Data provided from the present study as well as similar data provided from other studies in the field indicate that the physiology of labor is subject to various adjustments when comparing elective CS to VD. Investigating these differences is of a high significance, not only from the aspect of basic research but most importantly in order to assist clinicians to make safe conclusions and practice the optimal management of the parturient. The impact of delivery mode on both the mother and infant merits in depth investigation through studying physiological processes with regards to perinatal and neonatal outcomes. During the last few decades, labor via elective CS has been observed as a worldwide trend, especially in countries of high social–economic status. Despite the fact that this trend seems to be promoted by both maternity hospitals’ policies and clinicians’ routine practices, our knowledge regarding CS physiology still remains limited, especially in the context of stress response during labor for both mothers and newborns. Studies in this field are limited, and the majority investigate stress response related phenomena individually, failing to depict stress-responses in an all-inclusive fashion.
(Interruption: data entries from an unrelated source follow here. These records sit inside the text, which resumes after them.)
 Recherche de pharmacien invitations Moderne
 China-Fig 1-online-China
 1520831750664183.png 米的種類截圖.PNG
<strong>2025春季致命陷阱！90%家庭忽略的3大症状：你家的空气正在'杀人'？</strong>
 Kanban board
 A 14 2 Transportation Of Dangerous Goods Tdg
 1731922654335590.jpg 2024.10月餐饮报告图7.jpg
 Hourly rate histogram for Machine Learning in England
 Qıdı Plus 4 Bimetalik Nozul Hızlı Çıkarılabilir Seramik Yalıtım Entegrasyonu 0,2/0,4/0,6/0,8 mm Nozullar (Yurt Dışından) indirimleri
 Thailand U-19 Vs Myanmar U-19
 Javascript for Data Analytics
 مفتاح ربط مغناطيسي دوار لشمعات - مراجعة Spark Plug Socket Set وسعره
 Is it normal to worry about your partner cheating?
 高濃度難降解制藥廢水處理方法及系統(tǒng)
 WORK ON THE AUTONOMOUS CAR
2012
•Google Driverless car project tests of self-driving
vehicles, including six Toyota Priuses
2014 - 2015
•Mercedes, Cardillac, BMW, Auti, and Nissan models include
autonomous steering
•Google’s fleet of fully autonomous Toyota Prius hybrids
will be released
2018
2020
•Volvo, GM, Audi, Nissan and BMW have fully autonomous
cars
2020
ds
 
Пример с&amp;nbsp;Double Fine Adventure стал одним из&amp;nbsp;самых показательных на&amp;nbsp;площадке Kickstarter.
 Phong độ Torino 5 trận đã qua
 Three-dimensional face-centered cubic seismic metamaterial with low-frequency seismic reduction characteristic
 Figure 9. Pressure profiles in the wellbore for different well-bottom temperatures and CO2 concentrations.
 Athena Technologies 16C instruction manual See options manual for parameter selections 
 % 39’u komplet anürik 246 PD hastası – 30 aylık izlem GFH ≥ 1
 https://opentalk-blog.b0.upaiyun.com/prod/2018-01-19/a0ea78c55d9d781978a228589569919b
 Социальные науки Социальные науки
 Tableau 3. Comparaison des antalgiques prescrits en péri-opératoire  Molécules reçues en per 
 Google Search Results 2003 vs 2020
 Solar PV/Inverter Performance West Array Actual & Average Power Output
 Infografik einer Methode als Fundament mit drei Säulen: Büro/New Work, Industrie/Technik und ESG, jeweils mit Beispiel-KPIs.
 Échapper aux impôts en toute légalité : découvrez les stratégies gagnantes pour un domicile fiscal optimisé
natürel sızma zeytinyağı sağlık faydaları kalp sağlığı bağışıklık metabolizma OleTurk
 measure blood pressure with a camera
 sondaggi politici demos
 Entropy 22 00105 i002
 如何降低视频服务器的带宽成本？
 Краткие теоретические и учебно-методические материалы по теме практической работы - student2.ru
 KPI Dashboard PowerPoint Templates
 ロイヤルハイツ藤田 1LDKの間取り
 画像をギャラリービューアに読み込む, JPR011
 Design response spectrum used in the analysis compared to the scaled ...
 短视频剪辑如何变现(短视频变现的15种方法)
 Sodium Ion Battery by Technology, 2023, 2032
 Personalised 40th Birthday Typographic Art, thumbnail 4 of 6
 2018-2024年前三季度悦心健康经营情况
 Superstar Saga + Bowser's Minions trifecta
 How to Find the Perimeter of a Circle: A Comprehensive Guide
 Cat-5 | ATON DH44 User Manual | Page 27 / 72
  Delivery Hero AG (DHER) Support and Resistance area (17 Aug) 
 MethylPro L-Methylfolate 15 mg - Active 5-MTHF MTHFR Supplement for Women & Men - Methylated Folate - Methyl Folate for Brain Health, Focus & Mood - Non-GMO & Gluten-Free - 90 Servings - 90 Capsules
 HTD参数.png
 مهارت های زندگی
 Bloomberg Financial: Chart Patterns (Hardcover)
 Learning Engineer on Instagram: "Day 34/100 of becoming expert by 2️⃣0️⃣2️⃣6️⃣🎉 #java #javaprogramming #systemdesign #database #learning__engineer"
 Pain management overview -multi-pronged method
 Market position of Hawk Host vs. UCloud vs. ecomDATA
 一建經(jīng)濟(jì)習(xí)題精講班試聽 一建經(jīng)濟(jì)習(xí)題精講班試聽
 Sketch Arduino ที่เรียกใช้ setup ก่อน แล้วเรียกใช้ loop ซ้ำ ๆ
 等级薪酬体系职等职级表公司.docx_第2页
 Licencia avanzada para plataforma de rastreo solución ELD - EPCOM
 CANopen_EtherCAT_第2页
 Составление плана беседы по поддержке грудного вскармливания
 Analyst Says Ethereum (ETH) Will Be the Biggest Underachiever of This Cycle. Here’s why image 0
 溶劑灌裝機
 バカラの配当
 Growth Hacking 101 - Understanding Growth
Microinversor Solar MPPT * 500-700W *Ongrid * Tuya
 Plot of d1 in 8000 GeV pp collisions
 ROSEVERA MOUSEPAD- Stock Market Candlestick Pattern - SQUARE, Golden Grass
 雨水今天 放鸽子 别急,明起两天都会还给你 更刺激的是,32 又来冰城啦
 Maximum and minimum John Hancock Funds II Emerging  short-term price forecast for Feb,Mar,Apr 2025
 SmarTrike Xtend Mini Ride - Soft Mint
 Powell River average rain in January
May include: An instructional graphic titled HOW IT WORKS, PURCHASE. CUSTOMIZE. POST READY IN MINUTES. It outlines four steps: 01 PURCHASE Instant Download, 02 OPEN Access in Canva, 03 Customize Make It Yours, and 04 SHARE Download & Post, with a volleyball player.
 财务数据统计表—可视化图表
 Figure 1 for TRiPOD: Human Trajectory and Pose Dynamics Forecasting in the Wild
This is another reason that makes this study timely and essential, especially if we consider that birth stress is strongly related to the long-term programming of the infant HPA axis [
22]. At this point, it is appropriate to state that the current study does not aim to dictate the practitioners’ options with regards to VD and CS. In clinical practice, labor via CS is recommended according to current guidelines as the gold standard delivery mode, under specific circumstances, including multiple pregnancies, breech presentation at term, placenta praevia and morbidly adherent placenta, as well as in order to prevent the transmission of maternal infections to infants. Nonetheless, in routine practice, clinicians may face several dilemmas regarding the appropriate management of women presenting with no indications for CS but wishing to deliver via CS on the grounds of anxiety related to VD. Under this prism, the present study aims to raise the practitioners’ awareness regarding stress related hormonal response during VD and elective CS, as well as the possible impact of stress physiology on both the mother and infant. Advanced knowledge on physiological process when CS may be an option based on desire should surely be of importance in decision making—equally so for the clinician and for the parturient, ascertaining an all-inclusive informed consent.